EX-99.7 6 a2241255zex-99_7.htm EX-99.7
QuickLinks -- Click here to rapidly navigate through this document


Exhibit 99.7

April 7, 2020

Board of Directors
Assertio Therapeutics, Inc.
100 South Saunders Road, Suite 300
Lake Forest, IL 60045

Re: Registration Statement on Form S-4 of Assertio Therapeutics, Inc. filed on April 7, 2020

Members of the Board:

        Reference is made to our opinion letter, dated March 16, 2020 (the "Opinion"), that, as of that date and based upon and subject to the various limitations, matters, qualifications and assumptions set forth therein, the Merger Consideration (as defined in the Opinion) to be issued by Parent (as defined in the Opinion) in the Merger (as defined in the Opinion) pursuant to the Merger Agreement (as defined in the Opinion) was fair to Assertio, from a financial point of view.

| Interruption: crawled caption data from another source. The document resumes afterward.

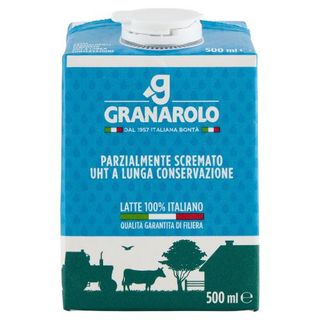 Granarolo Parzialmente Scremato UHT a Lunga Conservazione 500 ml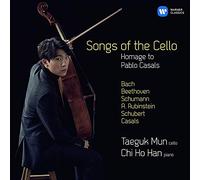 Taeguk Mun, Chi-Ho Han – Songs of the Cello – CD
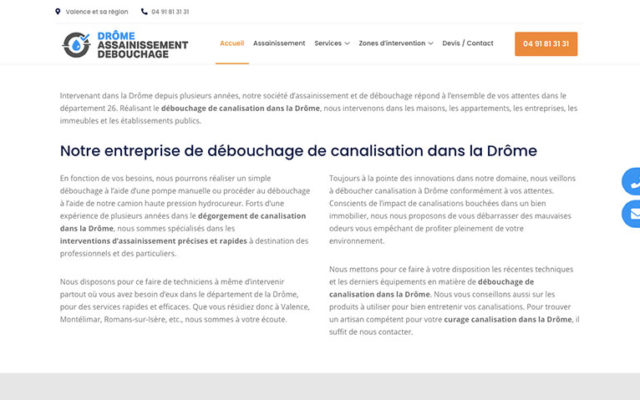 Assainissement Débouchage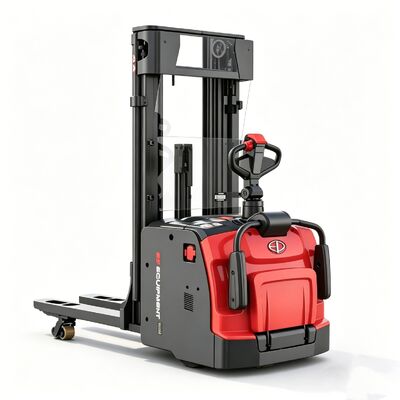 Impilatore pieghevole al litio EP RSL16 PRO da 1600 kg per corridoi stretti di magazzino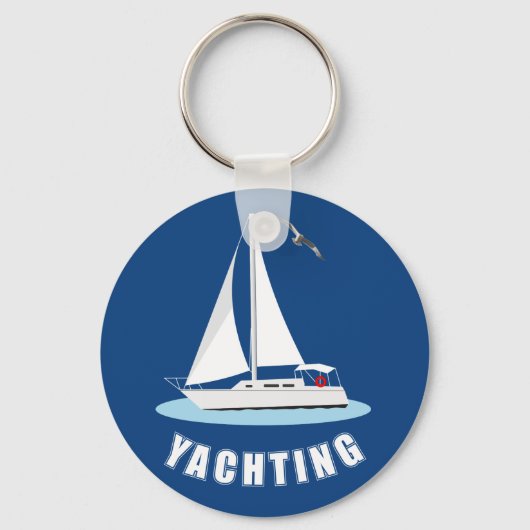 Yachting Sleutelhanger (Voorkant)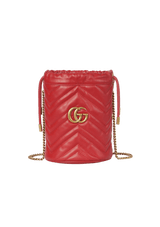 MINI GG MARMONT BUCKET BAG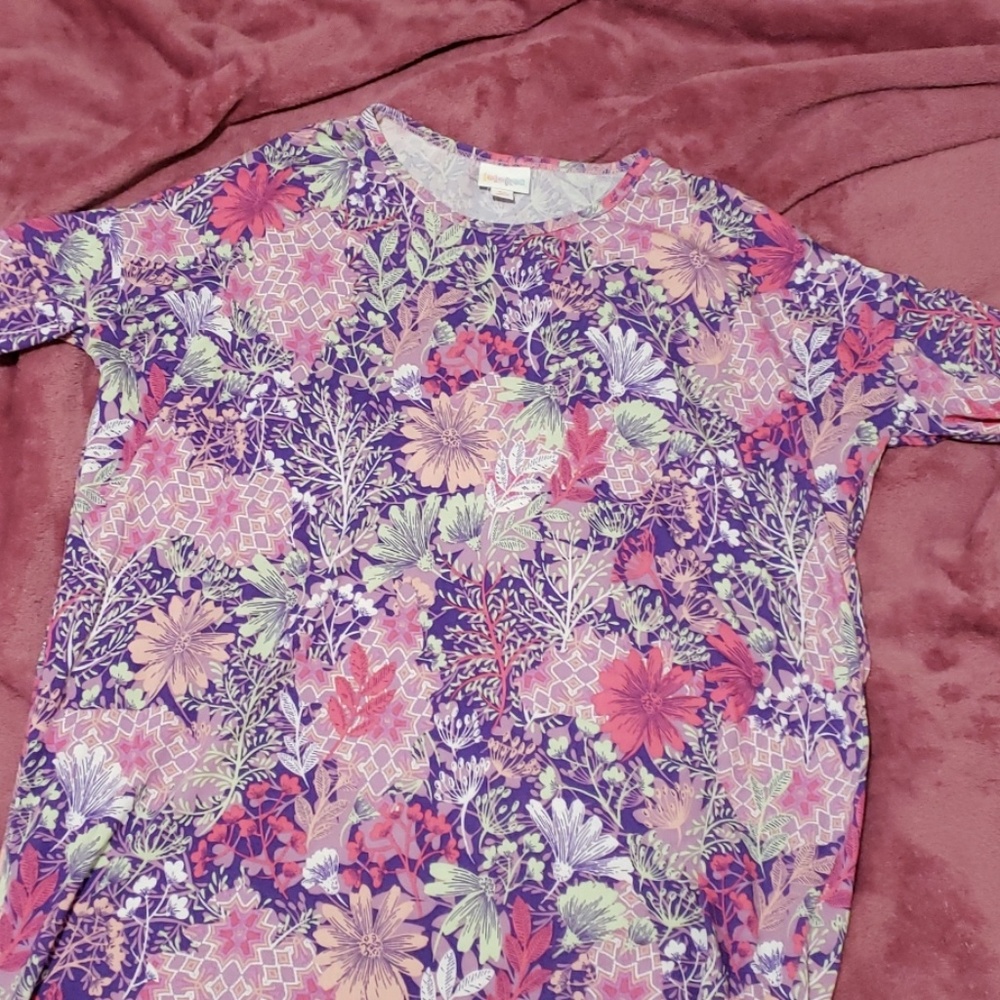 Lularoe floral irma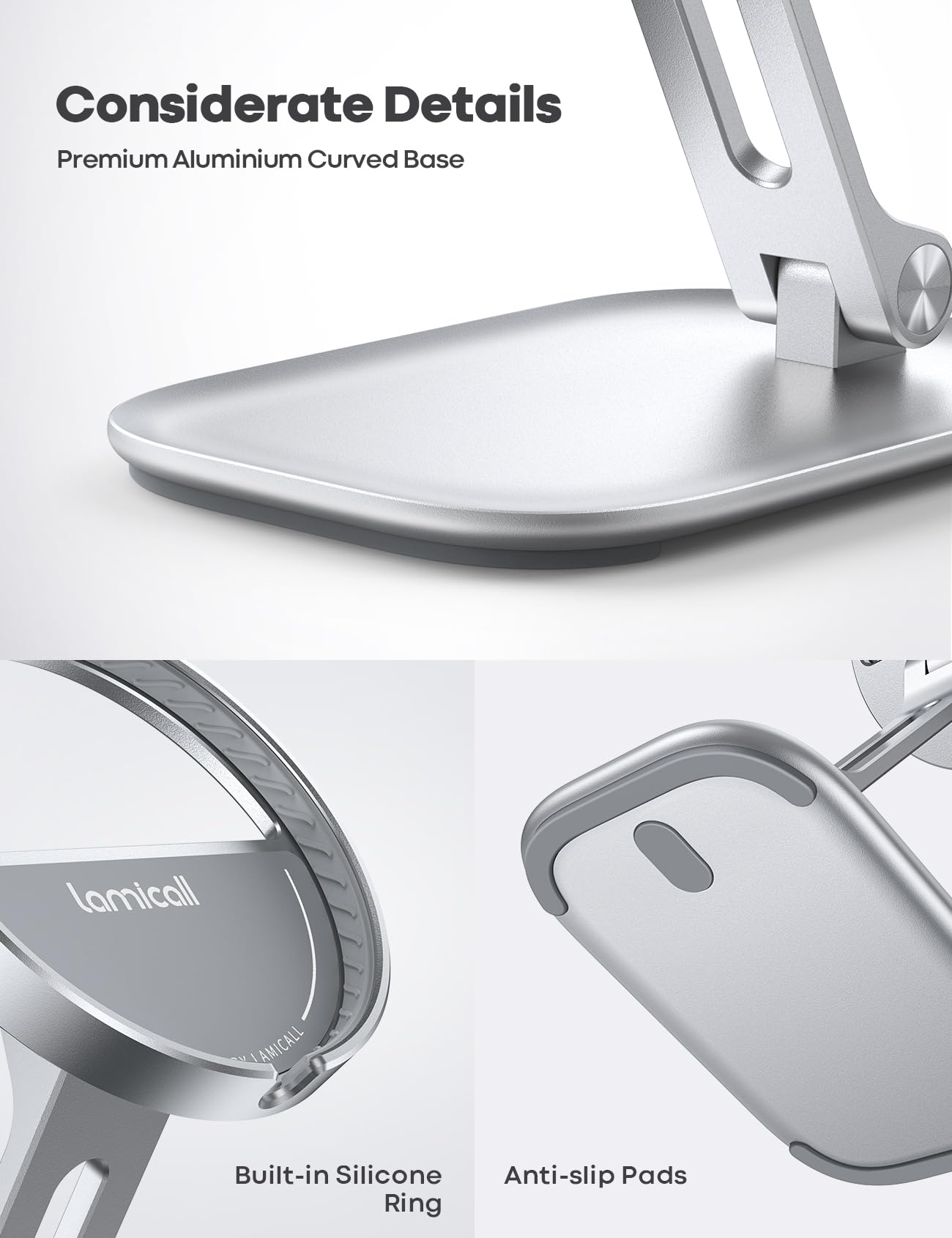 Foto 6 pulgar | Soporte De Teléfono Lamicall Para Apple Magsafe Charger [no Compatible Con 2024] - Venta Internacional.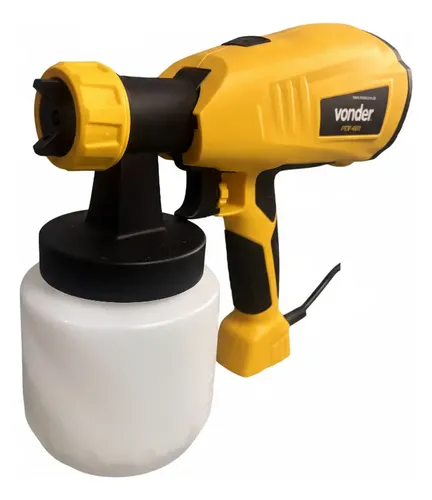 Pistola pintura elétrica PEV 400 127v Vonder 6220400127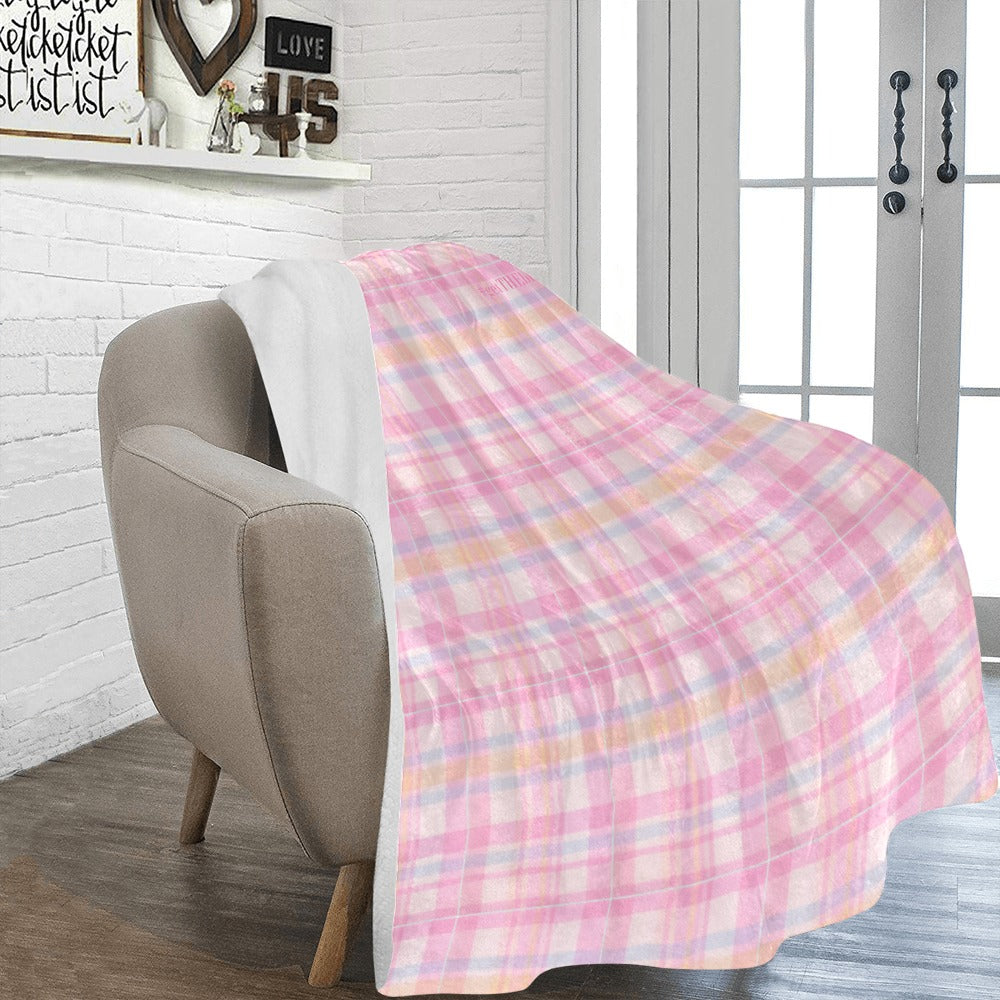 #getTHEblanket Spring Micro Fleece Blanket | 60x80 Reader Throw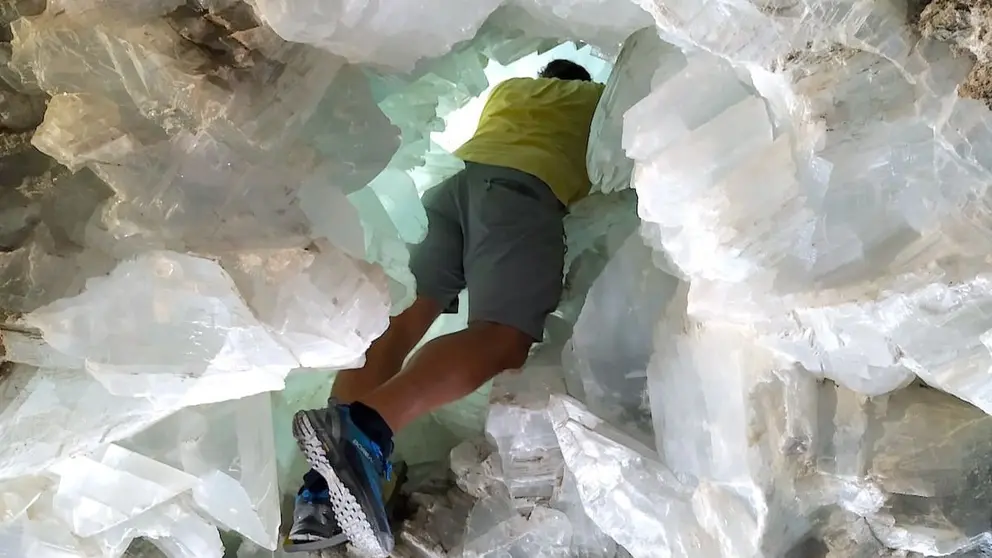 La Geoda de Pulp&iacute;, otra de las grandes maravillas de Andaluc&iacute;a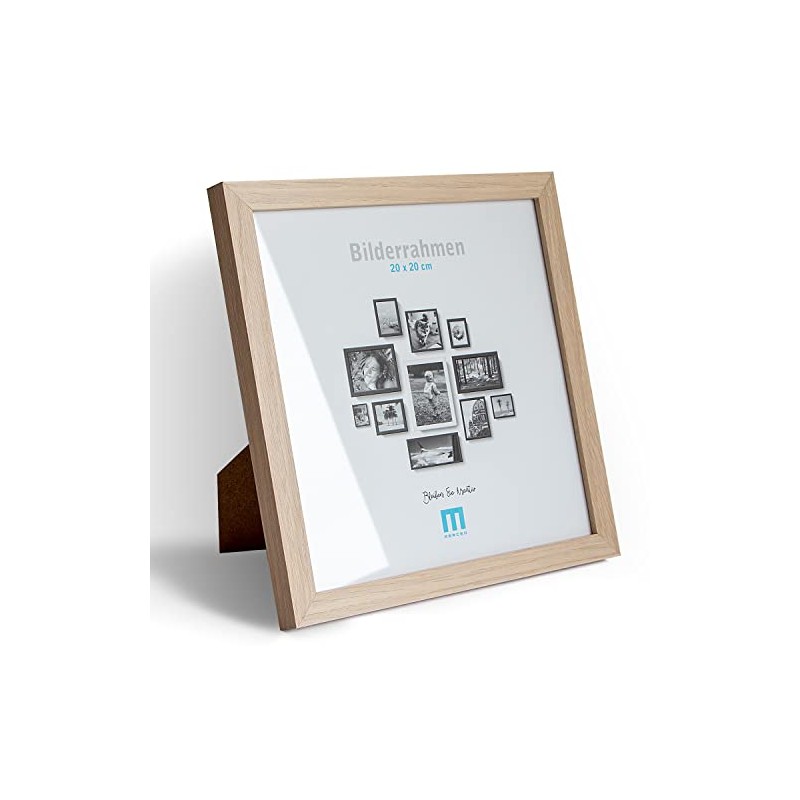 Timeless Modern MDF Picture Frame for 20 x 20 cm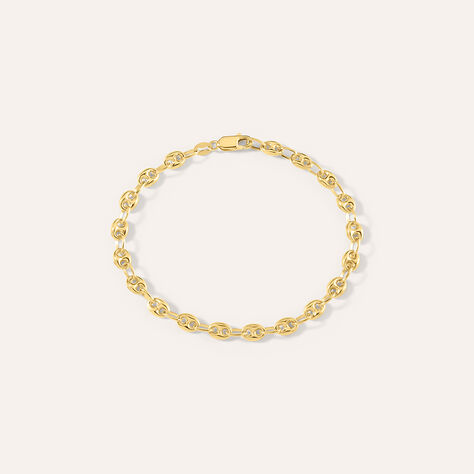 Bracciale Catena Colette Oro Giallo - Bracciali Unisex | Stroili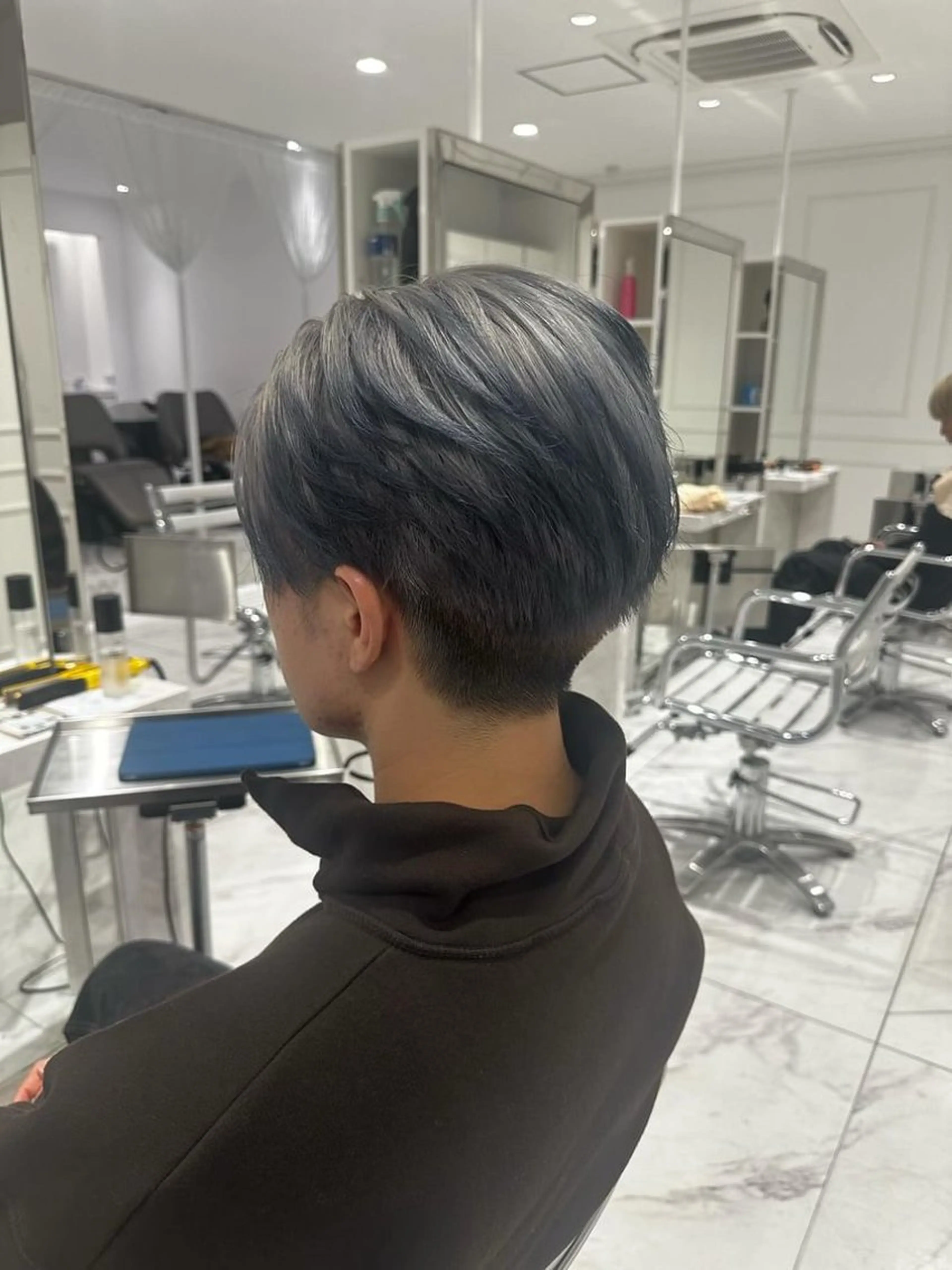 カラー メンズ なりたいを叶える /町野 朝哉のヘアスタイル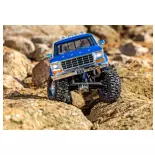 Crawler - TRX-4M Ford F-150 Ranger XLT bleu 100% RTR - Traxxas 97044-1-BLUE - 1/18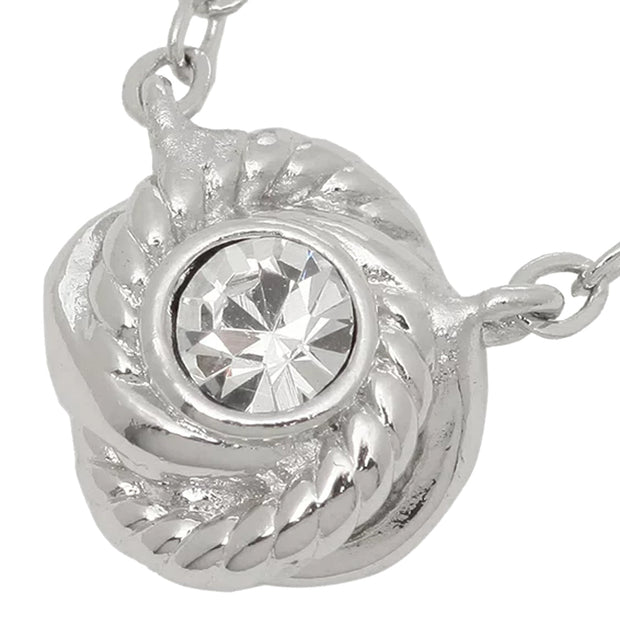 Kate Spade Infinity & Beyond Knot Mini Pendant Necklace o0ru2826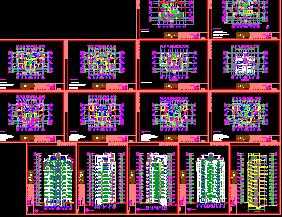 ĳС�߲�סլ¥���ʩ��ͼ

        The foregoing Opinion was provided for the information of, and directed to, the board of directors of Assertio for its information and assistance in connection with its consideration of the financial terms of the Merger and is not to be used, circulated, quoted or otherwise referred to for any other purpose, nor is it to be filed with, included in or referred to in whole or in part in any registration statement, prospectus, proxy statement or any other document, without our prior written consent. We understand that Assertio has requested to include our Opinion in the above-referenced Registration Statement.

        In that regard, we hereby consent to the inclusion of our Opinion as Annex B to the joint proxy statement/prospectus included in the Registration Statement and to the references to our opinion under the captions "CHAPTER I—THE MERGER—RISK FACTORS—Risks Relating to the Merger," "CHAPTER I—THE MERGER—THE MERGER—Background of the Merger," "CHAPTER I—THE MERGER—THE MERGER—Assertio Reasons for the Merger and Share Issuance," "CHAPTER I—THE MERGER—THE MERGER—Certain Unaudited Projections of Assertio" and "CHAPTER I—THE MERGER—THE MERGER—Opinion of Assertio's Financial Advisor" in such joint proxy statement/prospectus. By giving our consent, we do not thereby admit (1) that we come within the category of persons whose consent is required under Section 7 of the Securities Act of 1933, as amended (the "Securities Act"), or the rules and regulations of the Securities and Exchange Commission (the "Commission") promulgated thereunder, or (2) that we are experts with respect to any part of the Registration Statement within the meaning of the term "experts" as used in the Securities Act and the rules and regulations of the Commission promulgated thereunder.

        Notwithstanding the foregoing, it is understood that our consent is being delivered solely in connection with the filing of the above-mentioned version of the Registration Statement and that our opinion is not to be used, circulated, quoted or otherwise referred to for any other purpose, nor is it to be filed with, included in or referred to in whole or in part in any registration statement (including any subsequent amendments to the above-mentioned Registration Statement), prospectus, proxy statement or any other document, without our prior written consent.